Saturday, March 17, 2012

Top o’ the morning



Hepatica hill

It wasn’t until I stepped outside and saw spring beauties blooming in the yard that I thought about hepatica. Spring has come on so fast that I’ve barely had time to yearn for the first wildflowers.

Most years the honors go to hepatica but sometimes, when there’s unseasonal warm weather, everything pops out at once. The hepatica bloom on a west-facing slope off our beaten woods path, which I haven’t walked for months. I discovered that parts of the path were blockaded by fallen trees.

Bloodroot
Along the way I encountered more spring beauties and a few bloodroot. Even the false rue anemones were starting to pop out. Soon the woods will be carpeted in pink and white and yellow but these little show-offs were out ahead of the crowds. Way up high, fat tulip poplar buds caught the sun.

Tulip poplar buds
I had obviously missed the earliest of the hepatica, however, because by the time I visited the slope on this mid-60s, sunny St. Patrick’s morning, the hepatica were out full force, cluster after cluster of white, pink, and blue blossoms nodding on their fuzzy little stems, right under our neighbor’s No Trespassing sign.


Hepatica

I did not need to trespass to visit the hepatica. I would have if necessary, however. In a few weeks I will trespass to harvest the first woods nettles, which are more abundant on their property than on ours. I assume they don’t mind if we eat their nettles but I haven’t asked.
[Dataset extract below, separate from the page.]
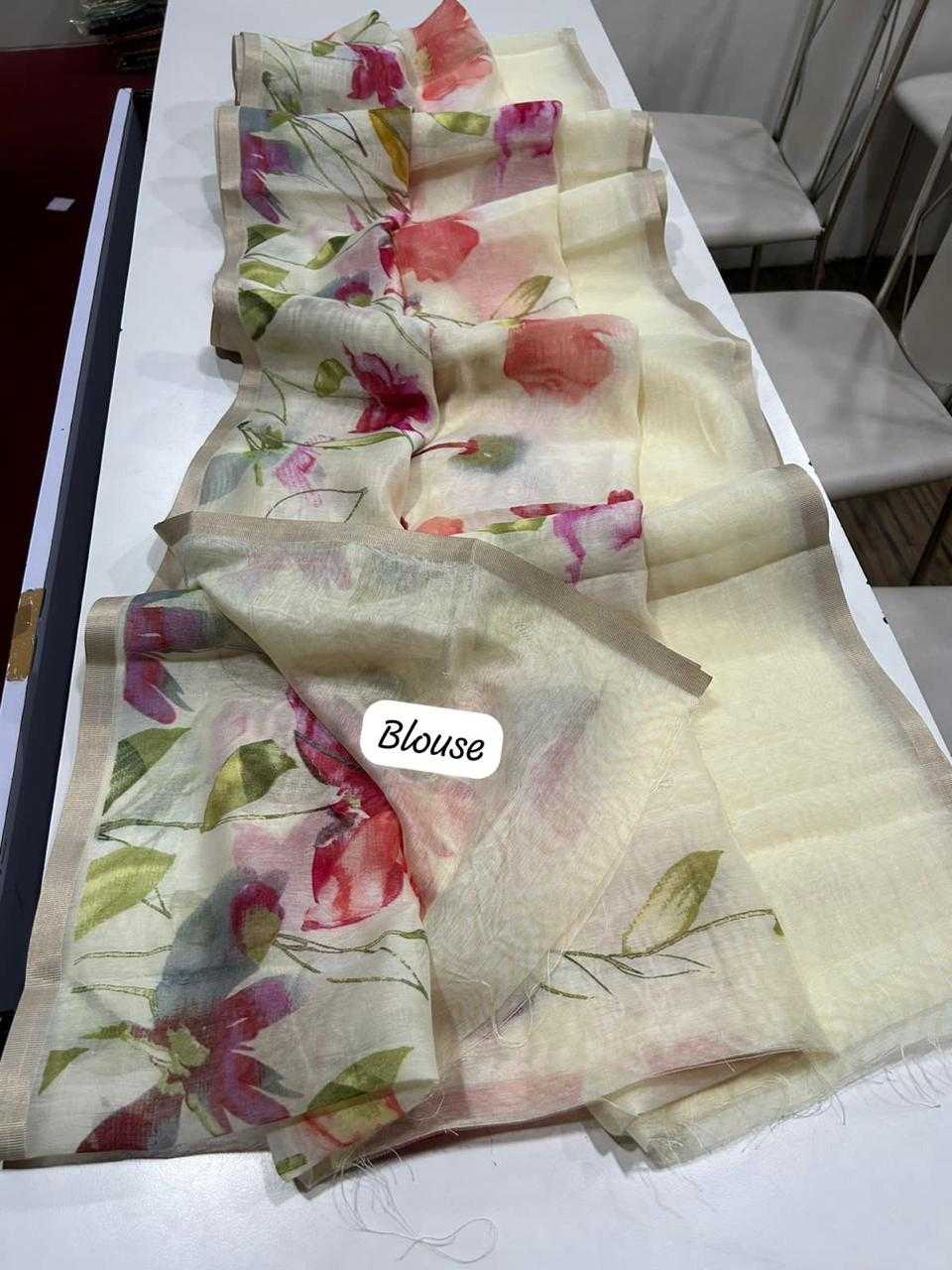 Ynf Linen KESH484 334 Sarees Wedding Collections Festive Collections Wholesale Printed Sarees Linen Sarees Onam Collections Manufacturer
I don’t know who the No Trespass sign is aimed at. Deer hunters? Partying teenagers? It predates these particular neighbors. We all have our ideas of who the trespassers are. Mine include 4-wheelers, morel hunters, and garlic mustard. I would welcome anybody who wanted to walk through our 5 acres of this extensive wooded area to admire the wildflowers. But I have never seen anyone else on foot anywhere in these woods.

I take that back. One fall, when Vic and I were walking through the woods across the road, a man who said he was the son of the owner asked us to leave. He had a gun. We left. Around here, it is definitely safer to stick to your own property. The idea of a commons has not taken hold.

So I feel fortunate to share a bit of land with the wildflowers.